It is interesting to consider that Mohaiemen’s earliest artworks were archival only in the sense of proving that what was happening in the present tense – the fear, suspicion and targeting of brown-skinned foreigners and immigrants after the September 11 attacks – was neither new nor unprecedented. Short films such as Patriot Story (2004), made with the Visible Collective as part of the larger body of work titled Disappeared in America (2004–07), set the post-September 11 roundup of Muslim men in the United States in a timeline stretching back through Japanese internment to previous eruptions of violence and injustice in the early twentieth century.02Others, such as Invisible Man (2006) and Fear of Flying (2005), plunge viewers into the total complexity of, say, the political and religious landscape of modern-day Karachi, or the hierarchies of racism and classism dividing Muslim communities in South Asia, the Middle East, Africa and the Nation of Islam in the US. In those works, the volatile jumble of facts and experiences that constitute ‘being Bangladeshi’ in the contemporary sense, against a backdrop of ignorance and retributive politics, appears most prominent with cross-border, inter-communal solidarities held up as the most powerfully responsive, intellectually critical tool. Only later, with the beginning of the series The Young Man Was (2011–16), do the intricacies of specific episodes in Bangladeshi history-as-history come to the forefront, as a means, among other things, of questioning how previous moments of solidarity, revolution and resistance faltered in their own time. The importance of the present moment never leaves Mohaiemen’s work. But starting with Young Man, he tunnels deeper into the past and brings his viewers along. He does this most often on the strength of a good story, be it that of Raihan or Dankesu or the unshakably optimistic Marxist historian Vijay Prashad. Prashad re-treads the meetings of the Non-Aligned Movement and the Organisation of Islamic Cooperation in those same, fabled, fiendishly unsettled 1970s, in Mohaiemen’s magisterial three-screen projection Two Meetings and a Funeral (2017).
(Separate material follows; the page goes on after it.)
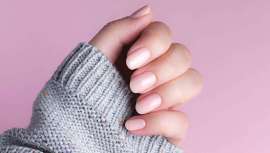 Después de la tendencia sin maquillaje en belleza y la estética del lujo silencioso en la moda, aquí vienen las Soap Nails, uñas de jabón por su traducción en español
Joana Hadjithomas and Khalil Joreige, Lasting Images, 2003, Super 8 photographic film transferred onto DVD, 3min. Courtesy the artists and In Situ – fabienne leclerc, Paris

The turning point in his practice, between his work with the Visible Collective and that under his own name, between one rather narrow set of concerns and another set, related but more capacious (and I would argue more generous all around), must certainly be I Feel a Great Desire to Meet the Masses Once Again. That lecture-performance by Walid Raad, his first work to abandon the collective guise of the Atlas Group, was initially presented in 2005 with a presentation by Mohaiemen, on behalf of Visible. Among Raad’s dense layering of multiple subjects, from the history of car bombings in Lebanon to the roundups of the Guantanamo age, it delves into the case of Steve Kurtz. A member of the Critical Art Ensemble, Kurtz was arrested in 2004, interrogated by the FBI and tied up in a long legal battle over unfounded suspicions of bioterrorism (all stemming from a 911 call he made the night his wife died quite unexpectedly of heart failure). Undoubtedly, Mohaiemen came into his own as an artist in the immediate post-September 11 moment. But he was indelibly influenced by a number of other works he encountered around that time – installations and performances by Emily Jacir and Raad, in particular – which toyed with history in different, notably fuller and more narrative ways. By the time it became possible to speak of the War on Terror era’s canonical works – by Trevor Paglen, Laura Poitras, Mariam Ghani, René Gabri and Ayreen Anastas, with Amitava Kumar’s essay collection A Foreigner Carrying in the Crook of His Arm a Tiny Bomb (2010) perhaps a culmination point – Mohaiemen had turned to the intricate matrix underlying Young Man. Those works, leading up to and including the not-one-but-two major films he made for documenta 14, Two Meetings and the surprisingly ethereal fiction of Tripoli Cancelled (2017), are significant in their length, the patience they demand, their insistence on steady explication and their willingness to debate, to tarry with one side of an argument and then another.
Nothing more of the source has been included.